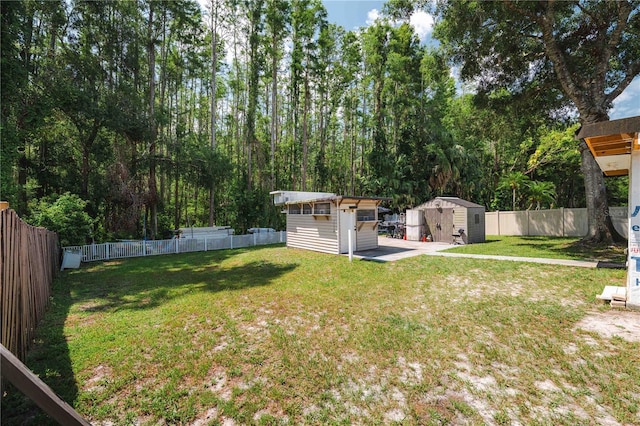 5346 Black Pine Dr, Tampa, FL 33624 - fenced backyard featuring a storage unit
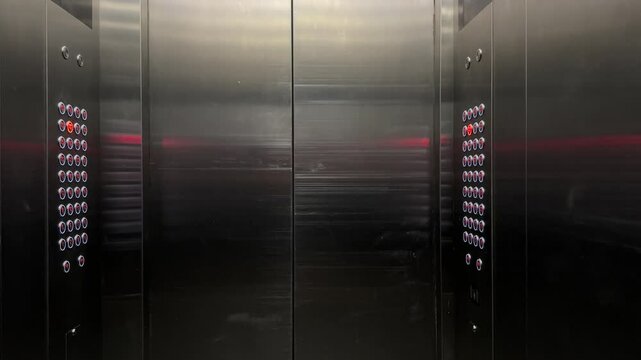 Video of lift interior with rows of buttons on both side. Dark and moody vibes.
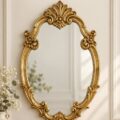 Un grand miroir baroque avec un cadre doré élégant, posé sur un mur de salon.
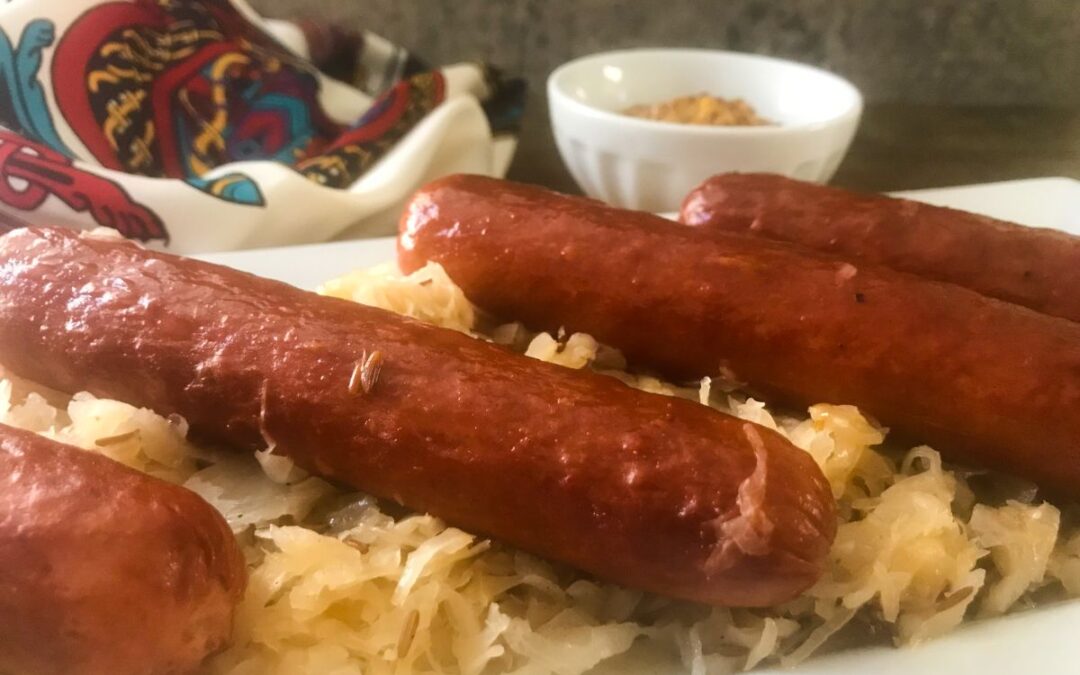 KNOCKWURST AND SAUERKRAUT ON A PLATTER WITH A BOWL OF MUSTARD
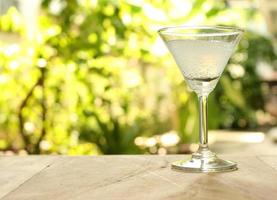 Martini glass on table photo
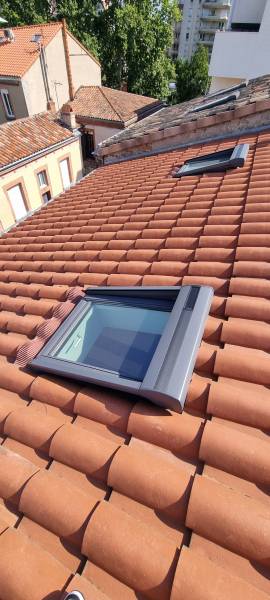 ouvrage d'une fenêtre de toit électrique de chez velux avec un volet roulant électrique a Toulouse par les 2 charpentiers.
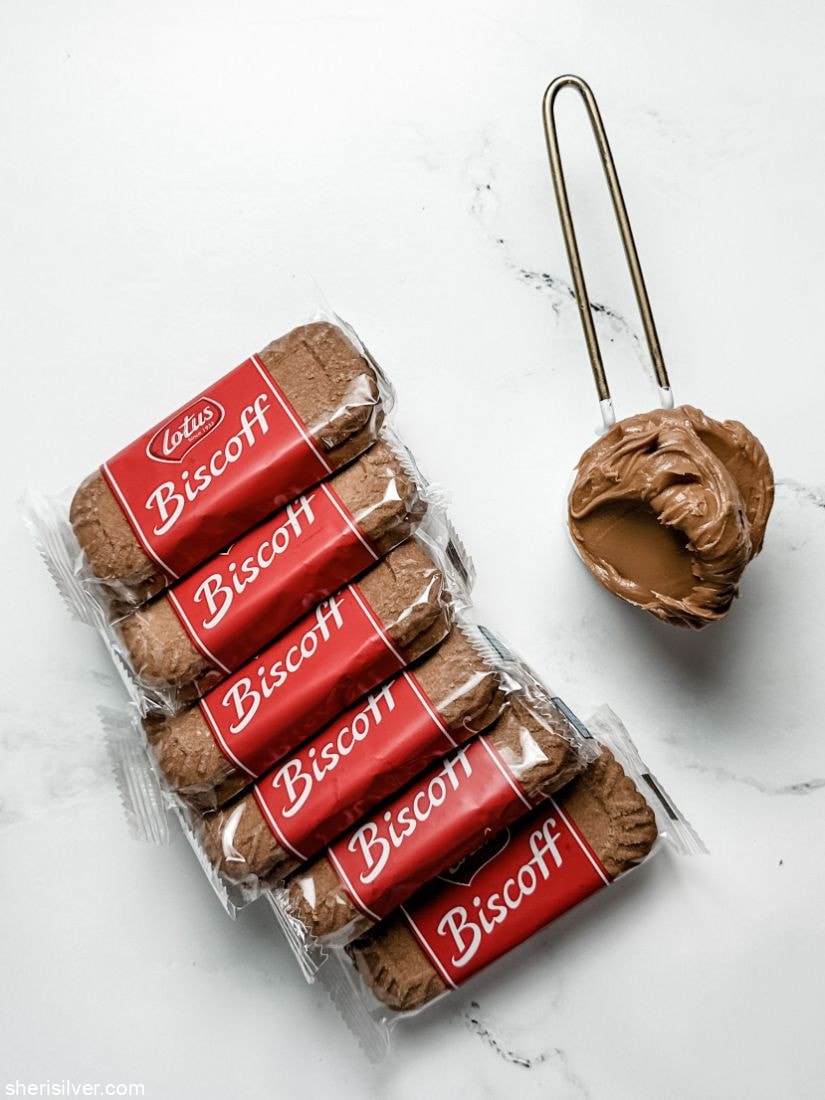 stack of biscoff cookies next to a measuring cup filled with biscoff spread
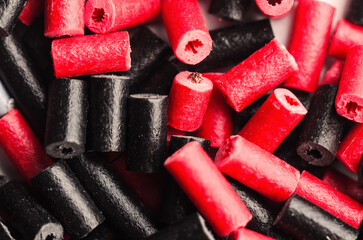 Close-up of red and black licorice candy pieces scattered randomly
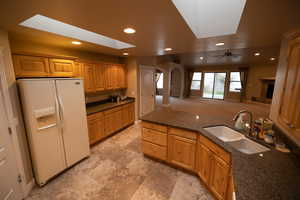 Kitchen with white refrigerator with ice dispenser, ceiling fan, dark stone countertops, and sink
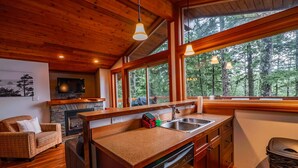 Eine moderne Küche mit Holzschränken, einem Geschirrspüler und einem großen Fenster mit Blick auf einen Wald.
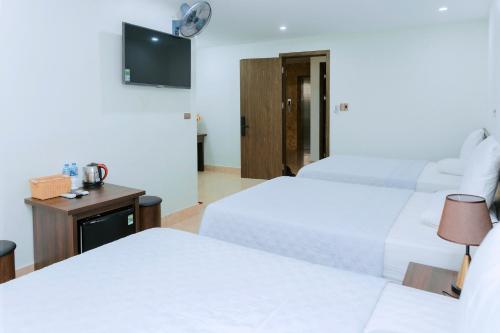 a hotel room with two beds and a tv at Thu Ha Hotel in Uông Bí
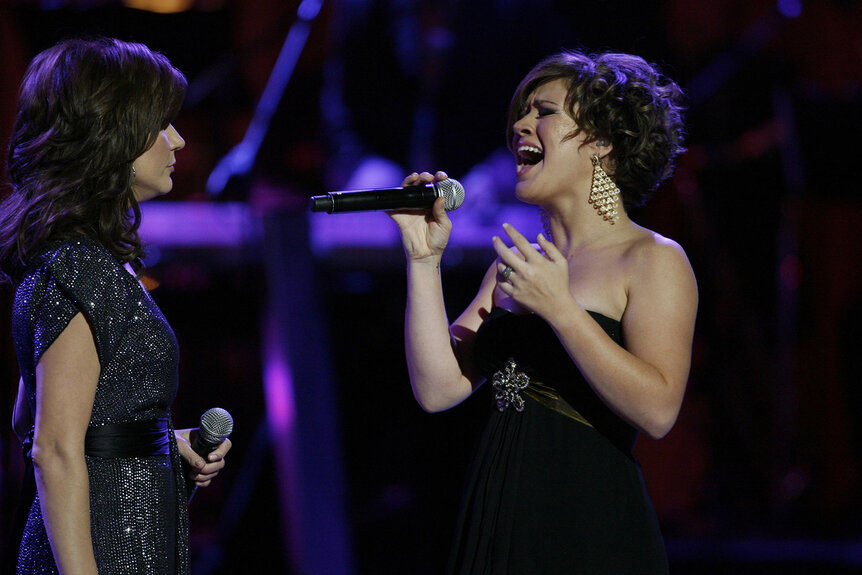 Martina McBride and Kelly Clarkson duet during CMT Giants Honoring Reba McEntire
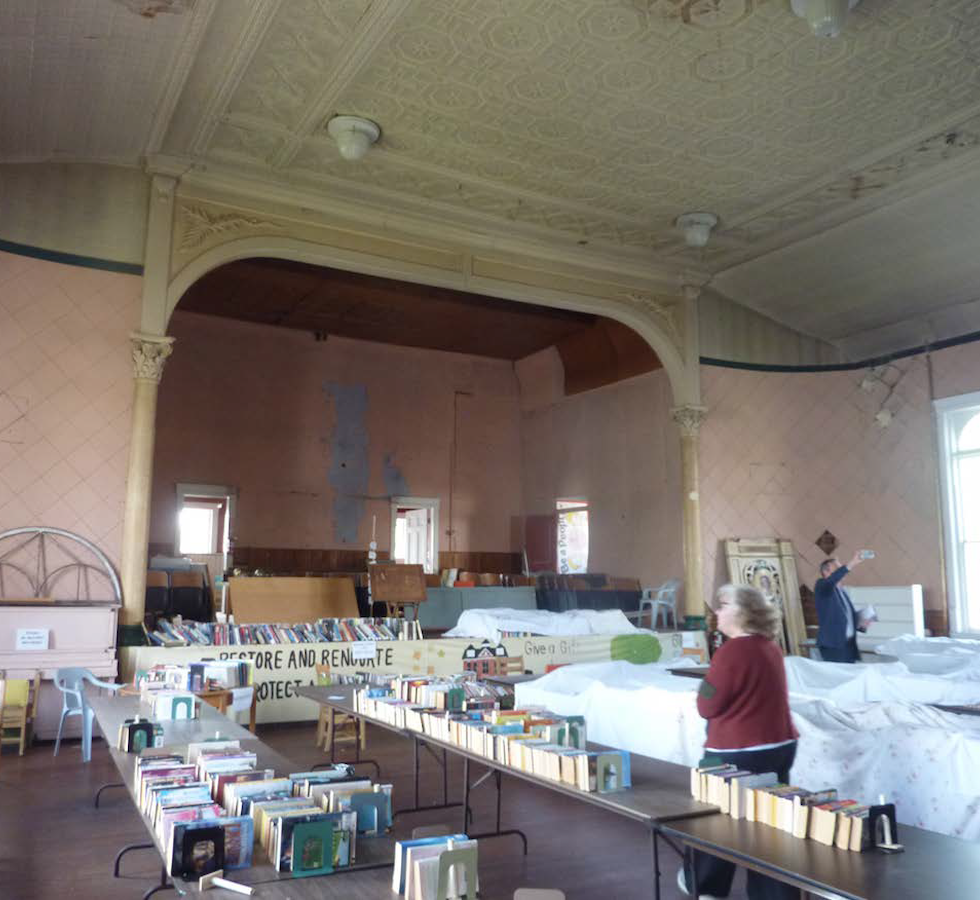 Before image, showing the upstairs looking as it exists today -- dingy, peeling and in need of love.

▶ **Your assignment**
For this step, transcribe all the material above exactly and drop the images.

▶ **Result of the task**
 5346 Black Pine Dr, Tampa, FL 33624 - fenced backyard featuring a storage unit
 Video of lift interior with rows of buttons on both side. Dark and moody vibes.
 Un grand miroir baroque avec un cadre doré élégant, posé sur un mur de salon.
 KNOCKWURST AND SAUERKRAUT ON A PLATTER WITH A BOWL OF MUSTARD
 Martini glass on table photo
 ouvrage d'une fenêtre de toit électrique de chez velux avec un volet roulant électrique a Toulouse par les 2 charpentiers.
 stack of biscoff cookies next to a measuring cup filled with biscoff spread
 Close-up of red and black licorice candy pieces scattered randomly
 Kitchen with white refrigerator with ice dispenser, ceiling fan, dark stone countertops, and sink
 Eine moderne Küche mit Holzschränken, einem Geschirrspüler und einem großen Fenster mit Blick auf einen Wald.
 a hotel room with two beds and a tv at Thu Ha Hotel in Uông Bí
 Martina McBride and Kelly Clarkson duet during CMT Giants Honoring Reba McEntire
 Before image, showing the upstairs looking as it exists today -- dingy, peeling and in need of love.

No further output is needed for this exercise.